= Caesar Perkins =

American politician (1839–1910)

Caesar Perkins (March 1839 – September 22, 1910) was a member of the Virginia General Assembly, elected in both 1869 and 1887. He represented Buckingham County as a Republican.

== Early life ==
Caesar Perkins was born into slavery in March 1839. His name is sometimes rendered as Ceasar Perkins. His parents' names were Joseph and Clarcy Mosely, but he used the name "Perkins" because it was the name of his master. It is not known how Perkins was freed from slavery.

He was a Baptist minister.

== Political career ==
In 1869, Perkins was elected to the Virginia General Assembly, and he was elected again in 1887; in both cases, he represented Buckingham County.
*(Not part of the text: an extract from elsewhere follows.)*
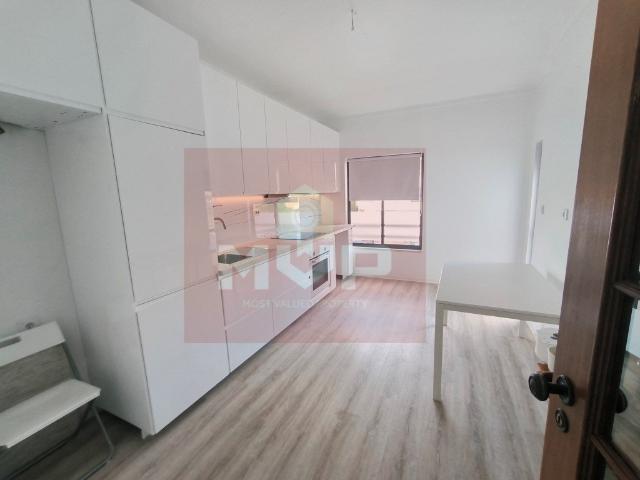 Apartamento T3 em Faro 97m² Faro Sé e São Pedro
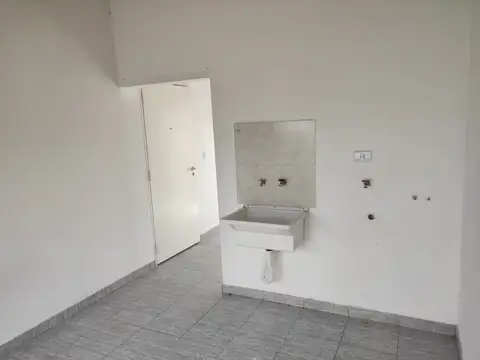 Pellegrini 300, Piso 2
In his first election, he defeated candidates from the Conservative Party. He was a Republican. During his first term, he voted to ratify the Fourteenth and Fifteenth Amendments to the United States Constitution, which codified racial equality.

In 1898, Perkins served at the state's Republican convention, which nominated Colonel R. T. Hubard (or Hubbard) for Congress. Hubard denied that Perkins had been promised anything for the nomination. Two years later, Perkins served again at the state's Republican convention, which again nominated Hubard for Congress.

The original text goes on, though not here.